In the mopping up operations of the Battle of Hue on 25 February a two Battalion Ranger task force recaptured the Gia Hoi sector () between the east wall of the Huế Citadel and the Perfume River.

From 8 April to 31 May 1968 the 5th Ranger Group participated in Operation Toan Thang I to continue pressure on PAVN/VC forces in III Corps after the successful Operation Quyet Thang. The operation involved nearly every combat unit in III Corps. The operation was a success with allied forces claiming 7645 VC/PAVN killed, however the operation did not prevent the PAVN/VC from launching their May Offensive attacks against Saigon.

On 6 May 1968 during the May Offensive the 30th and 33rd Ranger Battalions joined with US Cavalry forces to attack a hamlet west of Phú Thọ Racetrack in Saigon meeting heavy resistance they withdrew and called in air and artillery strikes, on entering the hamlet the next morning they counted over 200 VC dead. On 7 May the 35th Ranger Battalion, who had established a cordon with the National Police north of Cholon, were ordered to attack VC positions to the north. They were met by heavy fire including B-40 rockets described by their US adviser as "coming in like hail". The Rangers withdrew to allow airstrikes against the VC and assaulted again but were again stopped by heavy fire. On 8 May the 38th Ranger Battalion relieved the 35th Rangers and attempted to restart the advance but made little progress until aided by US Cavalry forces. The assault slowly continued on 9 May finding 45 VC dead. On 10 May the 33rd Rangers swept the area around Phú Thọ Racetrack finding 9 VC dead and various weapons and supplies. On 11 May the 38th Rangers continued advancing to the north supported by airstrikes. The VC began to disengage across Saigon and the attack was largely over. The 3/4 Cavalry withdrew from the area and its area of operations was taken over by the Rangers.

On 31 August during the Phase III Offensive south of Da Nang the 21st and 37th Ranger Battalions trapped a PAVN unit in a bend of the Song Ky Lam River with the 3rd Battalion, 5th Marines on the opposite bank killing 80 PAVN with 1 captured for the loss of 7 ARVN dead and 45 wounded. At 20:00 Company H 2/5th Marines ambushed 30 PAVN as they attempted to cross the Song Ky Lam on boats, killing all on board.

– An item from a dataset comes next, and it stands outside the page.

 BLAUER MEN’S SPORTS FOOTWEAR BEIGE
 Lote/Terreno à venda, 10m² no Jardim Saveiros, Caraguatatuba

From 7 December 1968 to 8 March 1969 the 1st Ranger Group participated in Operation Taylor Common with the US 1st Marine Division's Task Force Yankee in the An Hoa basin, Quảng Nam Province against the PAVN/VC Base Area 112. ARVN losses were 100 killed and 378 wounded, PAVN/VC losses were 1,398 killed and 29 captured.

From 26 May to 7 November 1969 the 37th Ranger Battalion participated in Operation Pipestone Canyon with the 1st and 2nd Battalions, 51st Regiment and the US 1st Marine Division against PAVN/VC base areas on Go Noi Island southwest of Da Nang.

On 27 April 1970 a Ranger Battalion had advanced into Kandal Province, Cambodia to destroy a PAVN base in the first operation of the Cambodian Campaign On 30 April, as part of Operation Toan Thang 42 (Total Victory) three Ranger battalions and other ARVN forces crossed into the Parrot's Beak region of Svay Rieng Province.

From 5 January to 30 May 1971 the 74th Ranger Battalion and 11th Armored Cavalry Regiment conducted operations in the Snuol District of Cambodia, culminating in the Battle of Snuol from 25–30 May 1971 resulting in 37 ARVN killed and 74 missing for 1043 PAVN killed.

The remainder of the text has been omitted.